DEUCE: Write-Efficient Encryption for Non-Volatile Memories

- Hide Paper Summary

Paper Title: DEUCE: Write-Efficient Encryption for Non-Volatile Memories
Link: https://dl.acm.org/citation.cfm?id=2694387
Year: ASPLOS 2015
Keyword: NVM; Counter Mode Encryption; DEUCE

Back

This paper proposes DEUCE, a framework that provides cache line encryption capability to NVM via counter mode encryption. The paper identifies that in a standard counter mode encryption scheme, approximately half of the bits will be updated, resulting in more power consumption and wear. The problem can be solved if only updated data is encrypted, which affects a smaller set of bits per cache line. In addition, the paper also identifies that when performing writes, some bits are flipped more frequently than others, resulting in uneven wear within a cache line. Such uneven wear cannot be allievated by regular wear leveling schemes, since these scheme operate on cache line granularity (or larger). If a single bit in the cache line wears out, the entire storage unit for wear leveling will need to be marked as “bad”.

DEUCE is based on counter mode encryption, which protects the content stored on the NVM from being leaked to a third party. Counter mode encryption works as follows. At initialization time, every cache line is assigned a counter value. These counter values are stored in a separate region on the NVM, and must be kept consistent with the data area. When a line is evicted back to the NVM, the memory controller encrypts the cache line by first generating a one-time pad (OTP) of cache line size, and then XOR’ing the content of the line with the OTP. The generation of OPT takes the address of the line and the line’s counter value, and a secret key which is assumed to be stored securely, which are then sent to an AES encoder to generate the OTP. The property of AES guarantees that it is almost impossible to guess the value of the OTP without knowing the secret key, which makes the NVM device secure. Counters are incremented when they are used to generate the OTP, making sure that for each write, the value of the OTP is almost always different. The counter value on the NVM must also be updated when writing back the line, because otherwise it would be impossible to decrypt the line when it is fetched. The hardware must guarantee in some way that the counter and data are updated atomically. On reading a line from the NVM, the device generates the OTP in the same manner as in the case of a write. The generation of OTP can also be overlapped with NVM read, given that the counter is read first.
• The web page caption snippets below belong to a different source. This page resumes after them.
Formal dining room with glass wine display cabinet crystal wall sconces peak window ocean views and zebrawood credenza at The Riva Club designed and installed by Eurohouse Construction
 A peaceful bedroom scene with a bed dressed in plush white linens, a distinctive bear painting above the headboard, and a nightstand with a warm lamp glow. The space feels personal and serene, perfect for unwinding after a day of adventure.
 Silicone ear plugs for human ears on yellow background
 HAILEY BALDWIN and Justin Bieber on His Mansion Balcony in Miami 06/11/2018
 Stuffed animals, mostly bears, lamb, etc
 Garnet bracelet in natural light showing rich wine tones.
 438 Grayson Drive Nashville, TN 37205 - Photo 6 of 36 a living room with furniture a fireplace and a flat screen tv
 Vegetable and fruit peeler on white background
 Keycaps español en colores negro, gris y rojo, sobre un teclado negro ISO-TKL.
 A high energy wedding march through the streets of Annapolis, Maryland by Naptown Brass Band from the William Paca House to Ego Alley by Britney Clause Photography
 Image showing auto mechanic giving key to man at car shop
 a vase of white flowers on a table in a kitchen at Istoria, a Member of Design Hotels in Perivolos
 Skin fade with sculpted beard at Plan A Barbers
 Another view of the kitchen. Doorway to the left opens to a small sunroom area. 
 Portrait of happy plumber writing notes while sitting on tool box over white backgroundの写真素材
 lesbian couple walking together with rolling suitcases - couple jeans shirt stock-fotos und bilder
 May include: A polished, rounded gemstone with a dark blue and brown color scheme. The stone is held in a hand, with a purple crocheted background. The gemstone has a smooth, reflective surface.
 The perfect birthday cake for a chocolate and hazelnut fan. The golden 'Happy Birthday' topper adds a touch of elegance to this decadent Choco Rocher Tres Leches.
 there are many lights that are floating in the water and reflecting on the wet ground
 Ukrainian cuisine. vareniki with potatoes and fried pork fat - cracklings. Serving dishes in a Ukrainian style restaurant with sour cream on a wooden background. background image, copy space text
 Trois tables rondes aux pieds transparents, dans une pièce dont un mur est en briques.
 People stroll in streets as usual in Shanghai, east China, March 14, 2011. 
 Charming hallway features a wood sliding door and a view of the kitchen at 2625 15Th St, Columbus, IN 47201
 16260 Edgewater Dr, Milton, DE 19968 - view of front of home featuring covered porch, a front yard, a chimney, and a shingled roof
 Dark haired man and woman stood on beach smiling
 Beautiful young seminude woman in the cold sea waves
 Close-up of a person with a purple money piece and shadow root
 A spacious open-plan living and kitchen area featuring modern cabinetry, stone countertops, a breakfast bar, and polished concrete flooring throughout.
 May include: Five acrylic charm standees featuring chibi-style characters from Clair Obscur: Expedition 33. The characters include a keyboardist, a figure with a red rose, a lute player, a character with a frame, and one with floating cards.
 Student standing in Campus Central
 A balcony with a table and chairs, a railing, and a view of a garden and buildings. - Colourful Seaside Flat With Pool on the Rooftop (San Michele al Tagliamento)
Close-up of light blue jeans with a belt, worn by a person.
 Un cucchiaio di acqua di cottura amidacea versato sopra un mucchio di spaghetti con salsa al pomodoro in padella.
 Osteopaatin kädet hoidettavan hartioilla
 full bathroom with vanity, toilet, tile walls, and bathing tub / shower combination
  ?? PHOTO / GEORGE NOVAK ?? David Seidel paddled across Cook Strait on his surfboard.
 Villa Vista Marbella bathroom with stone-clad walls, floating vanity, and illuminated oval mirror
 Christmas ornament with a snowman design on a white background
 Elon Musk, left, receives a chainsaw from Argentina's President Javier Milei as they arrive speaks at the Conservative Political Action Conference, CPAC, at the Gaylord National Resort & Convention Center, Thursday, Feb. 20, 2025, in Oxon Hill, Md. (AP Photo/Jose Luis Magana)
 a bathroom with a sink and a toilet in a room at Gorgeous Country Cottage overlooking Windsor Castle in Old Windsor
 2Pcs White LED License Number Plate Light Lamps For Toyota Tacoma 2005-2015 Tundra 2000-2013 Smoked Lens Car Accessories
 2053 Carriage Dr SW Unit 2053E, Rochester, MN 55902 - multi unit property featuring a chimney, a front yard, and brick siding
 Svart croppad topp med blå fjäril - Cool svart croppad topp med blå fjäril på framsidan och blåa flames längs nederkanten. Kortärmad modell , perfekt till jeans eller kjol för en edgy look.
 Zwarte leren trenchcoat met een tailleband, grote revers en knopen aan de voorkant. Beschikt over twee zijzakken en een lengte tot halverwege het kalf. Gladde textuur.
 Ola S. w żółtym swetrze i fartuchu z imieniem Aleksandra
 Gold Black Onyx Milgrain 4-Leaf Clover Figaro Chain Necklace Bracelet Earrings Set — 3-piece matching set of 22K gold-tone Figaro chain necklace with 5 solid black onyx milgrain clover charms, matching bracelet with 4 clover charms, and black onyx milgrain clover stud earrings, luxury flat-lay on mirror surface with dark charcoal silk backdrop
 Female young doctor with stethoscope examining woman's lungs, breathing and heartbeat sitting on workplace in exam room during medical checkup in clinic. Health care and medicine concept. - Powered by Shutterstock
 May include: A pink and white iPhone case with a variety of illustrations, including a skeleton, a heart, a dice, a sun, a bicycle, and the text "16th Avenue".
Cache line data is decrypted by simply XOR’ing the line with the generated OTP.

The paper observes that even if only a single bit in the line is changed between a read and write (from/to the device), this encryption mode will in average flip half of the bits in the cache line (which is the exact purpose of encryption). Compared with writing back without encryption, this causes more power to be dedicated to changing the bit on physical hardware.

DEUCE reduces the number of bits that have to be flipped by using two counters, one trailing counter for encrypting data that has not been changed, and another leading counter for encrypting data that has been modified. The trailing counter can be derived from the leading counter, and changes rather infrequently. When a write back happens, we first check whether the trailing counter will change from the last time. If not, then only dirty data needs to be encrypted, since neither the tailing counter nor the address of the cache line will cause a change of the OTP.

DEUCE works as follows. Just like single counter encryption schemes, one counter per cache line is maintained as the metadata of the line. In addition, we also add a bit array to each line for recording dirty status in a smaller granularity the the entire cache line (e.g. 4 bytes). On every write operation on the line, the affected bits in the bit vector is set. When the line is to be written out, it does the following. First, the counter of the line is incremented. Then, we drive the leading counter and trailing counter described in the previous paragraph as follows. The leading counter is simply the current line counter. The trailing counter is derived by masking off the least significant K bits of the line counter. Masking off K bits means that the tailing counter will only change once for every 2^K writes. In the case that it does not change, the cache controller simply reads the dirty data bit vector, and encrypts dirty data only. The encrypted dirty data is then merged with the rest of the line, and written back to the NVM together with the updated counter value. If, on the other hand, the trailing counter value changes, the current non-dirty data must be re-encrypted, as we do not save the trailing counter, but only derive it from the line counter the next time the line is read. Not re-encrypting the cache line will lead to corrupted data, since when the line is read back in, the derived trailing counter would be different from the one used to encode it. The re-encryotion consists of one decryption and one encryption, which has longer latency. Fortunately, as the number of bits K increases, it becomes more and more infrequent for this to happen. In order for the decryptor to know which bytes to decrypt, when the cache line is written back, the bit vector is also persisted to the NVM atomically with the write. The next time this line is accessed, we read both the data and bit vector. The hardware decryptor generates two OTPs, one using the leading counter, and one using the trailing counter. The decryptor then uses the bit vector to decide which OTP should be used to decode which bytes, which is the exact reverse of data encryption.